Minutes into the vigil, a line of attendees formed outside the door. Because the room reached its capacity limit, some people left to hold their own event at a park nearby, according to Claire Mengel, MCAS ’26.

“The people that were not let in at this vigil went to public space over at Boyden Park to host their own vigil impromptu,” Mengel said.

Attendance was capped at 90 people, according to Lykes. The Walsh function room, where the vigil was held, can host up to 150 people for a lecture-format event, according to BC’s website. 

“This space holds 150 people if it’s organized in lecture format, so we asked it to be organized in a lecture format, and then we got an email that urged us to be in touch with the Boston College Police to be sure we’re on the same page,” Lykes said.

Lykes said the administration informed her in an email on the day of the event that one police officer would monitor the event in uniform.

The email also instructed her and the other organizers to not admit more than 90 people to the event, check the BC IDs of attendees at the door, and not allow backpacks in the room, according to Lykes.

While she did not agree to check BC IDs, Lykes did agree to count attendees as they entered the room, she said.

“I walked up to them and said, ‘Are you all from BC?’” Lykes said. “And they said no. And so she walked in and said, ‘This is a BC only event,’ and that’s when they explained to [my colleague] that they were plainclothes Boston College police.”
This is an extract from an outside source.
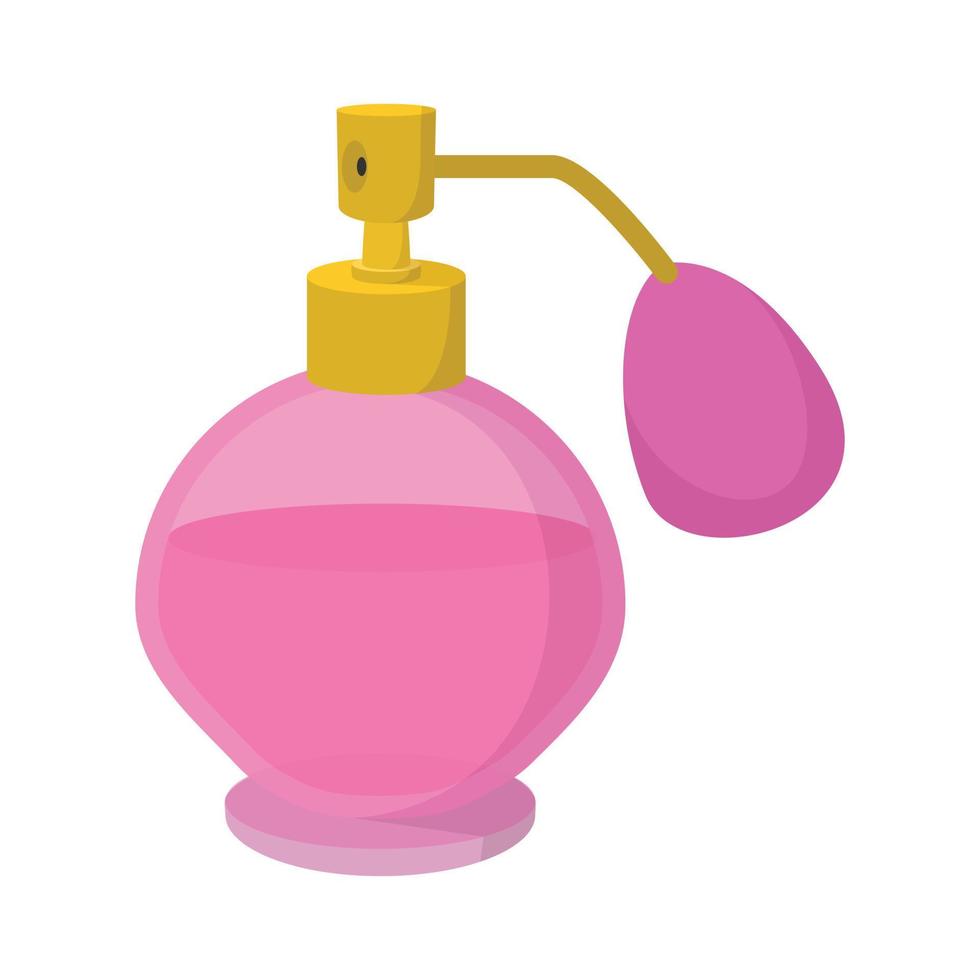 Pink bottle of perfume spraying cartoon icon vector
After Lykes told the police officers she had not been checking BC IDs, the officers called in the Chief of BCPD William B. Evans, she said.

In a statement to The Heights, University Spokesman Jack Dunn said event organizers were informed of the room’s capacity limits in advance.

“The capacity for seated events in the room is 90,” Dunn said in the statement. “BCPD are present at all significant campus events to provide security and assistance if needed. We are all pleased that the event was successful.”

Throughout the vigil, speakers referenced the presence of police.

“Look at this—we’re being criminalized,” said Ann Lucas, associate professor in the music department.

The vigil began with a prayer for peace from Oliver P. Rafferty, S.J., a professor of history at BC.

“While I appreciate the irony of a Catholic priest conducting the prayers this evening, given the tiny Christian population in Gaza, it is a privilege to pray with you and to pray for the people of Gaza,” Rafferty said.

All speakers emphasized the need for a ceasefire in Gaza.

“It’s time to say, ‘Stop the killing and the promotion of ideologies that permit it,’” said Joshua Snyder, assistant professor of the practice in theology. “To this end, there must be an immediate ceasefire.”

Lucas performed two songs during the event, “How I Long for Peace” and “Where Have All the Flowers Gone.”

“I’ve known so many Palestinians—as long as I’ve been alive, I’ve always had ties to them,” Lucas said. “So I have ethical responsibilities in this situation.”

In her speech, Associate Professor of History Dana Sajdi paid tribute to Refaat Alareer, a Palestinian academic who started the nonprofit organization We Are Not Numbers to tell the stories of Palestinian lives. Alareer was killed by Israeli forces, Sajdi said.

“Refaat Alareer, I live and I must live to tell your story,” Sajdi said.